A feeling of belonging in a foreign land: Self-awareness and self-acceptance

It has been three years since I came to Vancouver to pursue my Bachelor’s degree. As I write this blog, I find myself in a comfortable position with my life here. I’m emotionally connected with friends I’ve made, I’ve stayed on top of studies and work, and I’m starting to take on responsibilities as an adult.

However, looking back, it has not been always easy, especially during my first few months here. Learning to live in a foreign country, transitioning from high school to university, and becoming independent in every way possible. I remember not having the courage to speak in a 150-person lecture hall given my shyness and language barriers. I remember feeling homesick and feeling envious of domestic friends who got to go home every day. I remember getting stressed about all sorts of IRCC paperwork, bank statements, and insurance; all things I never used to worry about.

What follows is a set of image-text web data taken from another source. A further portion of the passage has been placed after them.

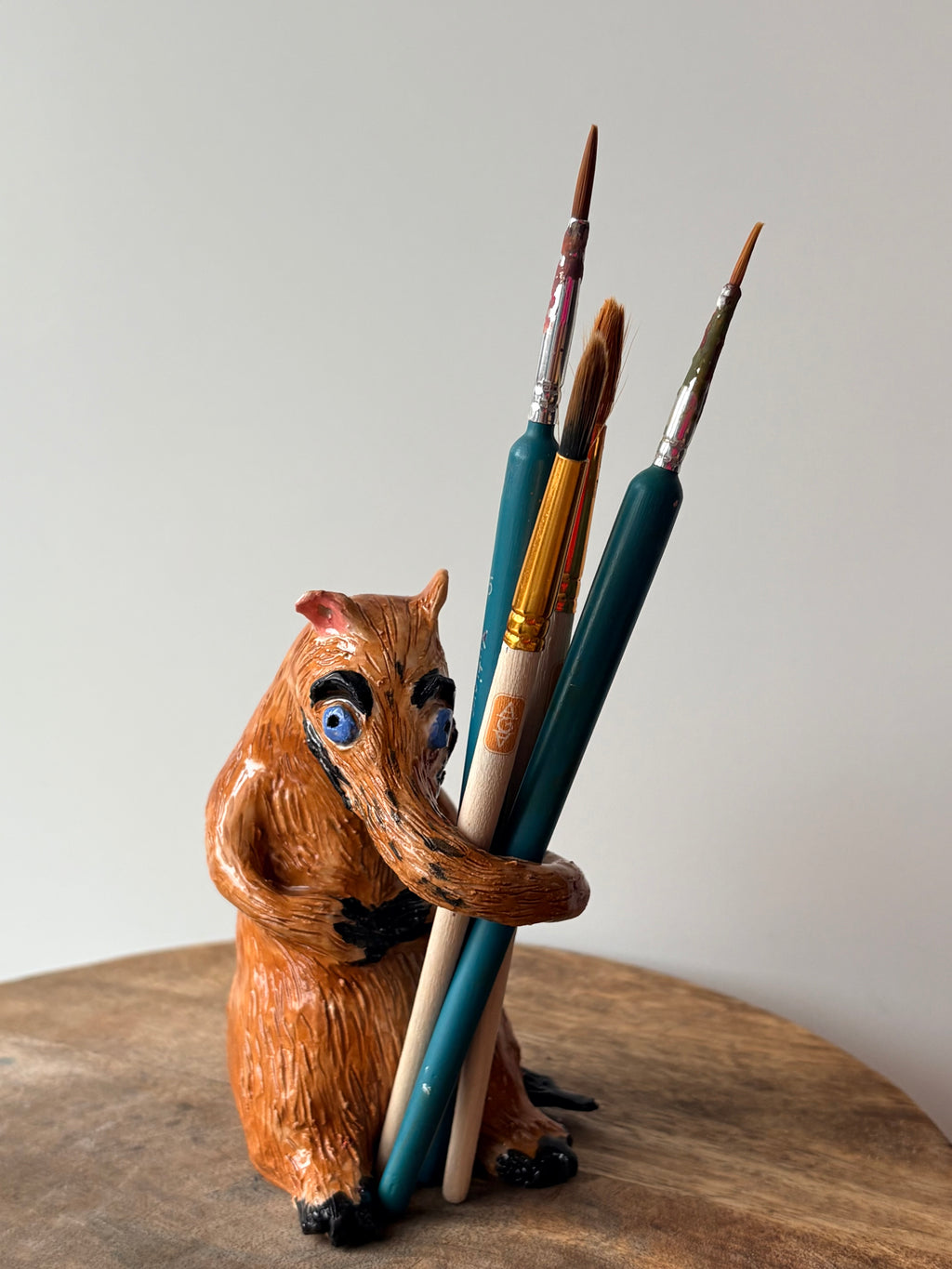 Anteater holder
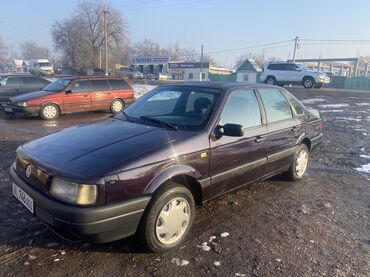 Volkswagen: Volkswagen Passat: 1991 г., 1.8 л, Механика, Бензин, Седан — 1
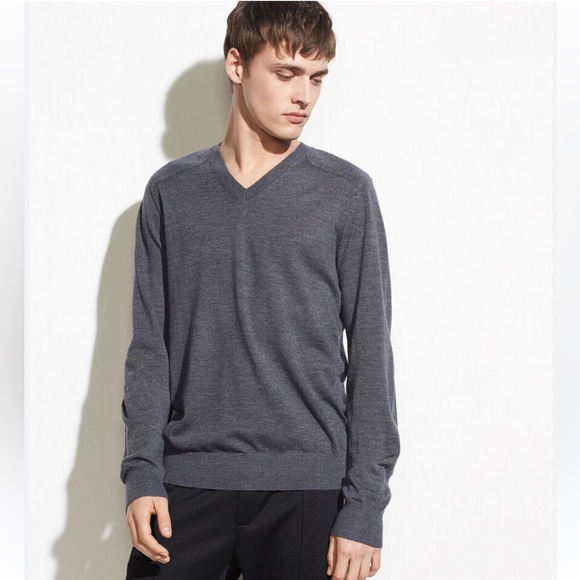 Vince Men's Regular Fit Elbow Patch Merino V-Neck Wool Sweater size M - Picture 1 of 6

What would I recommend to incoming international students? Strategize what social relationships to maintain, think about how much time to dedicate to work, hobbies, and studying, and recognize what is creating a meaningful impact for your life. Disengage with ones that do not. What has helped me is staying active in clubs, working a part-time job or two, doing volunteer work, and being responsible for my own learning. Over the years, my involvement in these things has strengthened my soft and hard skills and exposed me to numerous opportunities.

I certainly do miss the comfort I get back home under the protection of my loving parents. However, growing up is about exploring new adventures and taking risks. As I continue to build relationships and a life here, this land once foreign to me has started to feel like home.